The authors revisit the transformer architecture to integrate this idea. Instead
of computing only association weights in a transformer layer, they also compute
what they call *prior associations*. These are computed using a Gaussian kernel
and are therefore constrained to be local. Series associations are computed with
the usual attention weights.

The system is trained in a minimax fashion. The base loss is always the
reconstruction error but one adds a symmetrised KL-divergence term between the
prior association and the series association (called *association discrepancy*).
The discrepancy term changes the sign between the maximisation and the
minimisation step. The system therefore tries to minimise or maximise the
discrepancy of the two association weights in an alternating fashion. In the
maximisation step the weights of the series association are frozen, whereas in
the minimisation step those of the prior association are.

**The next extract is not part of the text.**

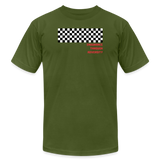 "Checkered Flag" - Endurance Through Adversity, Unisex Jersey T-Shirt - olive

This training mechanism forces series associations to be long ranged and complex. Nominal points should be relatively well reconstructed even with a large discrepancy. Anomalies, however, should not be well reconstructed if the discrepancy is large. The anomaly score is then simply the point-wise product of the softmax of the association discrepancy and the reconstruction error.

The authors evaluate their approach on 6 anomaly detection tasks, out of which 3 are synthetic to better study the behavior in isolation and 3 are real world examples. They compare against 18 other approaches that range from classical to deep learning methods. The anomaly transformer shows excellent results throughout the experiments.

In my opinion the association-based criterion is a very interesting new approach to anomaly detection. Also, the minimax approach for training the transformer is an innovation worth mentioning.